◆ **Exercise directions**
Return the listing exactly as it appears, but strip out the images.

◆ **Data provided**
++++

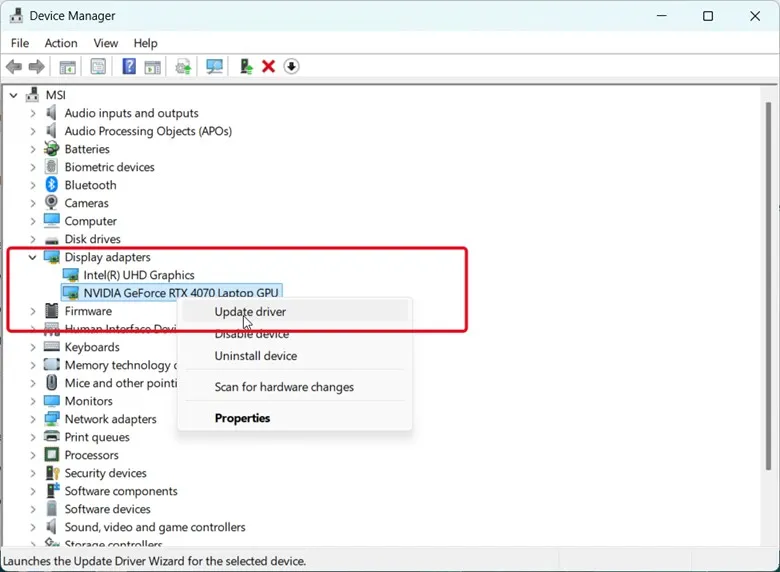 select Update driver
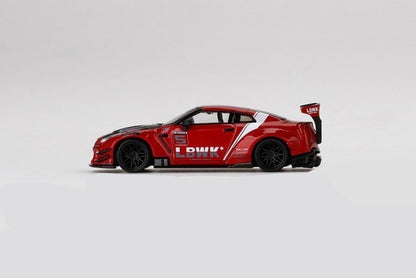 TSM MINI-GT LBWK Limited 1:64 LB-WORKS Nissan GT-R R35 Type2 Racing Spec Candy Red/LBWK Stripes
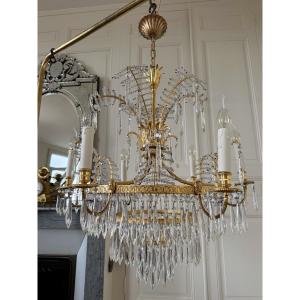 Empire Style Pagoda Chandelier In Gilt Bronze With Crystal Tassels - 20th Century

++++

◆ **Finished task**
 select Update driver
 TSM MINI-GT LBWK Limited 1:64 LB-WORKS Nissan GT-R R35 Type2 Racing Spec Candy Red/LBWK Stripes
 Empire Style Pagoda Chandelier In Gilt Bronze With Crystal Tassels - 20th Century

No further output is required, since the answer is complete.